Alessandra Gabola, da Lost Higways, scrive:

Aria di cambiamenti in casa Mauve. Nuova casa discografica e nuovi orizzonti musicali per il gruppo di Verbania, uno dei più interessanti del nostro rock indipendente. Fin dagli esordi i Mauve ci hanno abituato ad un sound originale e personalissimo, ben riconoscibile, dove il rock incontra il miglior pop inglese, dove la musica costruisce atmosfere surreali, talvolta quasi favolistiche, come in un quadro di Dalì nel quale gli oggetti non sono mai quello che sembrano e non sono mai dove dovrebbero essere. Rispetto ai precedenti lavori, in questo The night all crickets died quell’atmosfera si è tinta di scuro e le sperimentazioni musicali sembrano lasciare il posto a canzoni più classiche in qualche modo, dalla forma più definita e più cantate. Paradossalmente in questo disco, dove le contaminazioni tra generi musicali diversi sono più accentuate, si distinguono canzoni dalla struttura più forte, dall’ossatura meglio definita.

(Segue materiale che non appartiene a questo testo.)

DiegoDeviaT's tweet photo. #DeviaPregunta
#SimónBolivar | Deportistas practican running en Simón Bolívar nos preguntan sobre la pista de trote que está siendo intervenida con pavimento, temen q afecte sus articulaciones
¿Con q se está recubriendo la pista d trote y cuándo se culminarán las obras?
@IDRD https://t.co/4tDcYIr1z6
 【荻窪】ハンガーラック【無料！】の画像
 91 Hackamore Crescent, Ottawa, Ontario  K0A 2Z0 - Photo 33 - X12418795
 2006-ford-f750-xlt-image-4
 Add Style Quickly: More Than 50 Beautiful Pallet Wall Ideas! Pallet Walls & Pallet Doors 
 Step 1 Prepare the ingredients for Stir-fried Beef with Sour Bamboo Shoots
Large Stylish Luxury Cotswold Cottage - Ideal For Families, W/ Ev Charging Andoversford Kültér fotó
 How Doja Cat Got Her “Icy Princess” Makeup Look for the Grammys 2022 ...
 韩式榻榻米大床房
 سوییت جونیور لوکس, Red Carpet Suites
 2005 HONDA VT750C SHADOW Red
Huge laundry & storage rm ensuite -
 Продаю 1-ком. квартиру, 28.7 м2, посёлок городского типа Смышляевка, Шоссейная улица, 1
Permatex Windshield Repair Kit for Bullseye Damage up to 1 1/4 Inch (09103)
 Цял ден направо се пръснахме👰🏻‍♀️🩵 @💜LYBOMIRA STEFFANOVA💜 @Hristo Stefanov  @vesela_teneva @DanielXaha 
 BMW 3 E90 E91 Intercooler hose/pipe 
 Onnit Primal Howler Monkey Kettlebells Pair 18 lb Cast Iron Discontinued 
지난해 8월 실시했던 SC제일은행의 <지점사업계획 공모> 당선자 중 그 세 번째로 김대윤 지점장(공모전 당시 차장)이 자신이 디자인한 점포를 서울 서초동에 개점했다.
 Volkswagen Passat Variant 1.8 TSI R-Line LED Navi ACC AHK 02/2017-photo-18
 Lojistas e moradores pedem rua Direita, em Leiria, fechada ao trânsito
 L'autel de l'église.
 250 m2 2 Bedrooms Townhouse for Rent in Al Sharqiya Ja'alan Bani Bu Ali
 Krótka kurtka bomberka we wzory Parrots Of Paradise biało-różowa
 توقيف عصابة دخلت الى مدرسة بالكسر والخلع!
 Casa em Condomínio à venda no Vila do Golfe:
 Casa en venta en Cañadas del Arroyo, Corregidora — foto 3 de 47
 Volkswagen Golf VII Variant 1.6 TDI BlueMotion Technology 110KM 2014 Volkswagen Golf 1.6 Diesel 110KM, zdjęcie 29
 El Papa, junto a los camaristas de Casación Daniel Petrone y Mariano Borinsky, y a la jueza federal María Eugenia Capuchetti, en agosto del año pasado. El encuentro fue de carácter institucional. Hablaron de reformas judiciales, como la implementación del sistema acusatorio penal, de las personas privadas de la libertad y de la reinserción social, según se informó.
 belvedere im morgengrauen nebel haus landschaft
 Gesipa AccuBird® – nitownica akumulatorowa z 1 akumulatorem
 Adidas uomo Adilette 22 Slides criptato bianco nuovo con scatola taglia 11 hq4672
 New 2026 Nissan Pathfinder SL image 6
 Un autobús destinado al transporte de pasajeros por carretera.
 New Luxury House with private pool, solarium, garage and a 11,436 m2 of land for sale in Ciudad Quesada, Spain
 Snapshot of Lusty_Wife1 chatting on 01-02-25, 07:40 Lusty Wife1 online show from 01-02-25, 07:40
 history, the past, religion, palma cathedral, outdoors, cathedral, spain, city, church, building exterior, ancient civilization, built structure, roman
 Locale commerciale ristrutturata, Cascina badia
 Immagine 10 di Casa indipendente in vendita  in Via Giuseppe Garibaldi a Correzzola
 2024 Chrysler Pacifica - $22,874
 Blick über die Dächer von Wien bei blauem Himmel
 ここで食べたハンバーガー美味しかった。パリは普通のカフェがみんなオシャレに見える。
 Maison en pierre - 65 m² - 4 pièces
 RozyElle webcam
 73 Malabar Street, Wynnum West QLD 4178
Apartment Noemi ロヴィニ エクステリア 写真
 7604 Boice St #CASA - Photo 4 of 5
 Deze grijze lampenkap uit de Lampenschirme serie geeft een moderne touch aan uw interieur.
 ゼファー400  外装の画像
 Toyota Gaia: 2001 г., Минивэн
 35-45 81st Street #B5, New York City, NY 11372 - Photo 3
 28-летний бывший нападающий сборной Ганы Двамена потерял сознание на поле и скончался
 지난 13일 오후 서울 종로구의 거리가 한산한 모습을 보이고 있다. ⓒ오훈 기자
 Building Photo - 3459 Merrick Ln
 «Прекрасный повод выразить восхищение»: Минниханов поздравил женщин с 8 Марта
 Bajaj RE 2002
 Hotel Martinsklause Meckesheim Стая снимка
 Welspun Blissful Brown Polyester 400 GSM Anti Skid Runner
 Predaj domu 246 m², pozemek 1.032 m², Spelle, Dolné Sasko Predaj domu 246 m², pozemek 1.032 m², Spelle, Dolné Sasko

Reminescenze del recente passato aprono il disco in The solitude of the ship, brano diviso in due parti ad apertura e chiusura dell’album. La melodia, sopratutto nell’intro, e la voce sempre delicata, incantata e incantevole, di Elda Belfanti mi rimandano a pezzi come Electronic Scales, ma che la “musica” stavolta sia diversa è evidente. Già si avverte quell’inquietudine, quella cupezza che esplode rabbiosa in Ahab, pezzo quasi punk, tagliente e velenoso, arrabbiato, che sa di garage, di un gruppo di amici che suonano senza spartito, in libertà, e si ritrovano tra le mani un gran bel brano. Lo spirito di questo The night all crickets died sta in questo brano e in Ludovico. Anche qui c’è una grande energia, una carica sdegnata che trova espressione in una melodia più immediatamente rock, travolgente e irruente. La rabbia cupa e notturna di queste due tracce trova il rovescio della medaglia in un’altra notte, quella di Summer Shade ovvero notte di un’estate triste che sa di perdita, di rifiuto o di abbandono in un climax emozionale-musicale molto coinvolgente, prima dolce, malinconico e poi sempre più disperato. Claustrofobica è invece Grasshopper in your hand, nella sua melodia ossessiva, nella voce graffiante di Carlo Tosi che lascia immaginare un animale ferito chiuso in gabbia. E torniamo da dove siamo partiti. Da una nave sola nel mare in tempesta di una notte d’estate… The solitude of the ship
L’idea di dividere in due parti un brano a cui affidare l’introduzione e la conclusione di questo disco mi sembra particolarmente indovinata perchè rende perfettamente la compiutezza di questo lavoro, fatto di episodi singolarmente molto forti ma che suonano ancora meglio nell’ascolto totale.